Après sa relégation en 2015, l’UD Almeria a retrouvé la première division espagnole grâce à un investisseur d’Arabie saoudite. Avec des méthodes aussi inhabituelles que brutales
Ils sont un peu en retard sur le calendrier à Almeria. En fait, Turki Al-Sheikh, président de « l’autorité saoudienne du divertissement » et propriétaire depuis 2019 du club de cette ville arabe du sud de l’Espagne, voulait déjà jouer dans la cour des grands en 2022, c’est-à-dire être présent sur la scène internationale. Trois ans plus tard, la promotion en Liga est déjà acquise. Que s’est-il passé depuis à Almeria ? On pourrait en faire un film. Et il se pourrait bien que ce soit le cas.
Il commencerait peut-être par le « Estadio de los Juegos Mediterraneos » vu du ciel. Bien que ce ne soit pas tout à fait exact, il s’appelle désormais « Power Horse Stadium » grâce à un sponsor de boissons énergisantes, ce qui en dit déjà long.
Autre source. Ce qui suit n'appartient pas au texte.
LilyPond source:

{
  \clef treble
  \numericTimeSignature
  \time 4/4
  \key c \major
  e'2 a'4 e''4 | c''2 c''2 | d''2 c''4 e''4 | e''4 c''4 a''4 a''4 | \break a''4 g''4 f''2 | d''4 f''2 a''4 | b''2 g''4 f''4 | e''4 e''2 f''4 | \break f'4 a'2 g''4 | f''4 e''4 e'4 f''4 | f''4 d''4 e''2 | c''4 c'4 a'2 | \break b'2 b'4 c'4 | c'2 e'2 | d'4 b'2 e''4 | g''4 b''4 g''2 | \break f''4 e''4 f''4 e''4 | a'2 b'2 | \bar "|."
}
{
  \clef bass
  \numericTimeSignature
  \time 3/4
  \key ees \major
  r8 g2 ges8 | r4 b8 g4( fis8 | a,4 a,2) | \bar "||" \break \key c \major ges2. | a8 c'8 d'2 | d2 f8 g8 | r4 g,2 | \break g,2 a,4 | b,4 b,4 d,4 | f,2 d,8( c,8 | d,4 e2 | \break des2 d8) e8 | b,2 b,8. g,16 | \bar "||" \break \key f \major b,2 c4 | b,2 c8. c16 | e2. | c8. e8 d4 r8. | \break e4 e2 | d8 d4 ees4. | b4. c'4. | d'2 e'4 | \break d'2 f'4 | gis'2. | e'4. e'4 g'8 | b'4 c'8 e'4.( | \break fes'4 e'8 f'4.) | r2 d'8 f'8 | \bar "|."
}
La tradition fait place à la modernité – l’arène est en train d’être transformée en un stade digne de la Ligue des champions.
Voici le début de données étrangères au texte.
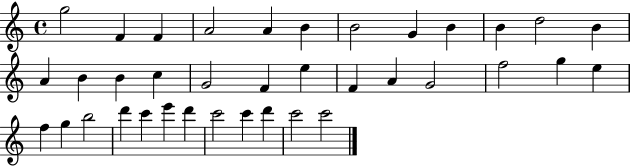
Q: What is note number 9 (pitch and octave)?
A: B4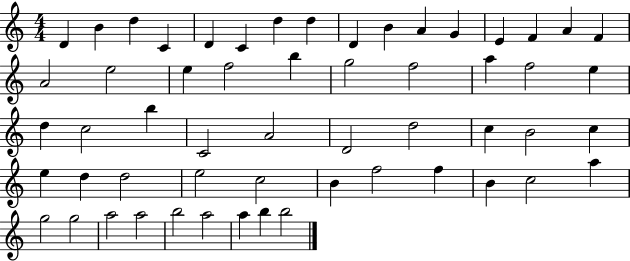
D4/q B4/q D5/q C4/q D4/q C4/q D5/q D5/q D4/q B4/q A4/q G4/q E4/q F4/q A4/q F4/q A4/h E5/h E5/q F5/h B5/q G5/h F5/h A5/q F5/h E5/q D5/q C5/h B5/q C4/h A4/h D4/h D5/h C5/q B4/h C5/q E5/q D5/q D5/h E5/h C5/h B4/q F5/h F5/q B4/q C5/h A5/q G5/h G5/h A5/h A5/h B5/h A5/h A5/q B5/q B5/h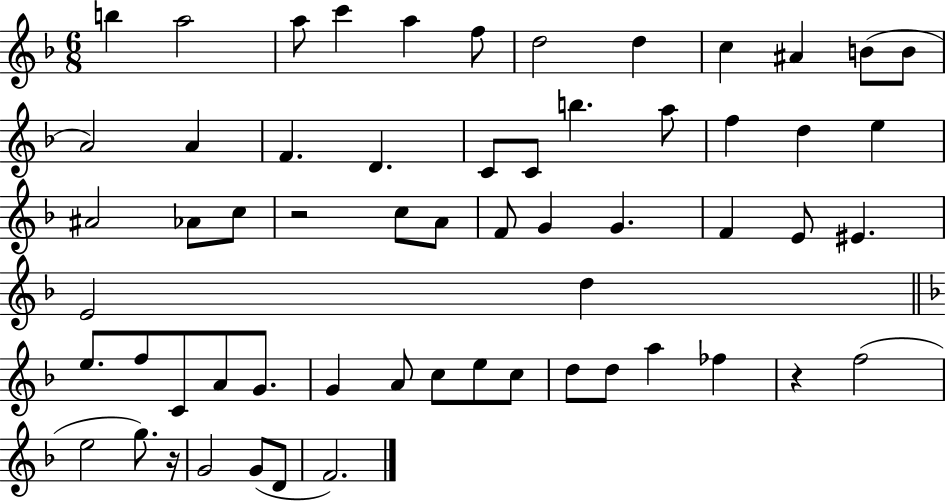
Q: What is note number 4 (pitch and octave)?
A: C6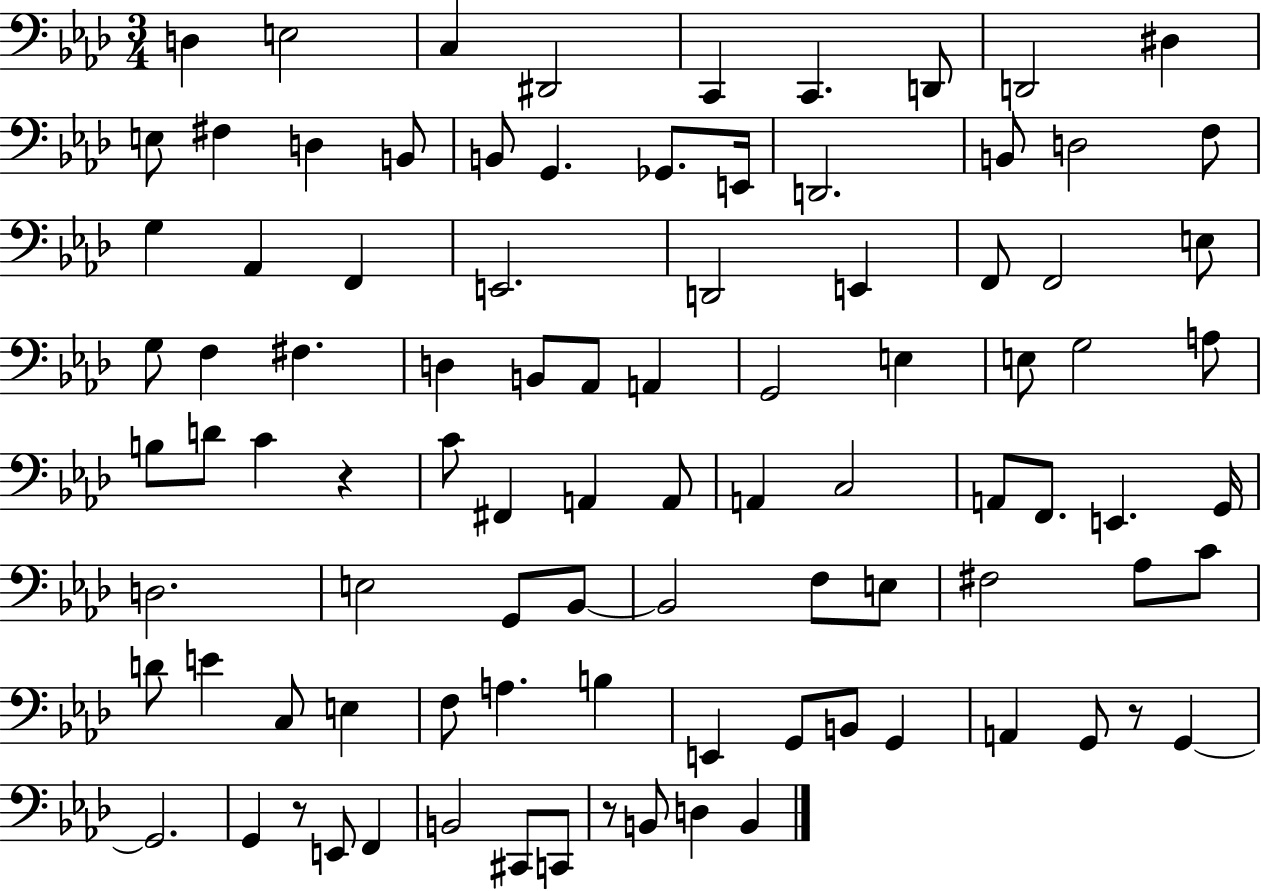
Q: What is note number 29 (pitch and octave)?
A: F2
Et comme à Almeria, on fait les choses en grand et non en petit, Al-Sheikh ajoute encore quelques cerises sur le gâteau. Pour l’inauguration de la première phase de construction, un festival de musique a été organisé, gratuitement pour les détenteurs d’abonnements. En 2019, il avait déjà fait monter le « Rozam Music Festival » dans la ville. Une fan zone avec des restaurants et des espaces de détente est prévue, et l’homme de 41 ans veut rénover une discothèque dans le port et l’ouvrir au public. Le meilleur des relations publiques pour le nouveau patron qui, selon « El Confidencial », se fait appeler « Votre Majesté » par les employés.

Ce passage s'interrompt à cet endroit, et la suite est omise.